Apple is adopting a novel strategy for training its AI models, avoiding the collection or replication of user content from iPhones or Macs.
A recent blog post reveals that the company intends to persist in its use of synthetic data—data created to replicate user behavior—and differential privacy to enhance features such as email summaries while ensuring that personal emails or messages remain inaccessible.
Users participating in Apple’s Device Analytics program will have their AI models analyze synthetic email-like messages by comparing them to a limited selection of actual content stored locally on their devices. The device subsequently determines which synthetic messages align most closely with its user sample, relaying information about the chosen match back to Apple. Apple has stated that no individual user data is transmitted from the device, emphasizing that the company only receives aggregated information.
Apple is set to enhance its models for generating longer-form text through a new technique that eliminates the need for gathering actual user content. The company is expanding its commitment to differential privacy, incorporating randomized data into larger datasets to safeguard individual identities. Since 2016, Apple has employed this method to analyze usage patterns, aligning with the company’s commitment to preserving policies.
Enhancing Genmoji alongside various Apple Intelligence functionalities
The company has implemented differential privacy to enhance features such as Genmoji, allowing it to gather insights on popular prompts while ensuring no specific user or device is identified with any particular prompt. Apple is set to implement comparable techniques in its forthcoming releases for various Apple Intelligence features, such as Image Playground, Image Wand, Memories Creation, and Writing Tools.

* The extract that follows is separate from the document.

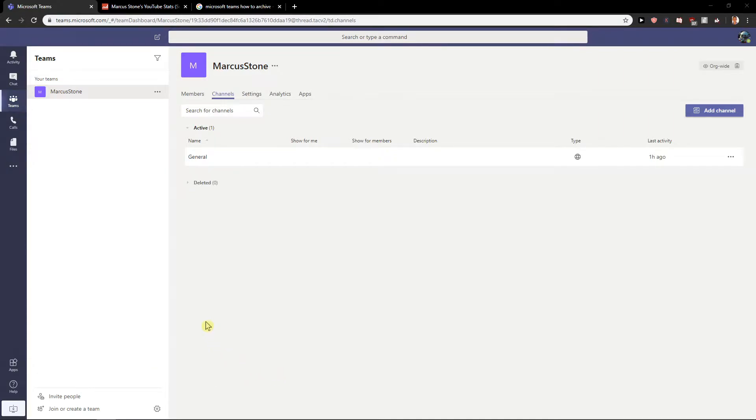Hey everybody, my name is MarkerStone and in this video you will learn how you can easily create a private team or change your team to private.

Genmoji conducts anonymous polls across participating devices to assess the visibility of specific prompt fragments. Every device emits a distinct signal, with some responses indicating genuine usage and others appearing random. According to the company, the method guarantees that only commonly utilized terms are accessible to Apple while ensuring that no single response can be linked to a specific user or device.
Developing synthetic data to enhance email summaries
Although the method above has proven effective for short prompts, Apple recognized the necessity for a different strategy to tackle more intricate tasks such as email summarization. Apple produces thousands of sample messages, transforming these synthetic communications into numerical representations, known as ’embeddings,’ which reflect language, tone, and topic. User devices involved in the process compare the embeddings against samples stored locally. Once more, it is important to note that only the chosen match is disclosed rather than the actual content.
Apple gathers the most commonly chosen synthetic embeddings from devices that opt in, utilizing this information to enhance its training data. As the process evolves, the system increasingly produces synthetic emails that are both relevant and realistic. This advancement aids Apple in enhancing its AI capabilities for summarisation and text generation while maintaining a strong commitment to user privacy.
The feature is currently accessible in its beta version.
Apple has begun rolling out the system in beta versions of iOS 18.5, iPadOS 18.5, and macOS 15.5. Apple is reportedly taking steps to tackle issues surrounding its AI development, as highlighted by Bloomberg’s Mark Gurman. These challenges have encompassed delays in feature rollouts and the repercussions stemming from shifts in leadership within the Siri team.
Although the effectiveness of this approach in generating more practical AI outputs has yet to be determined, it clearly indicates a public initiative aimed at reconciling user privacy with model performance.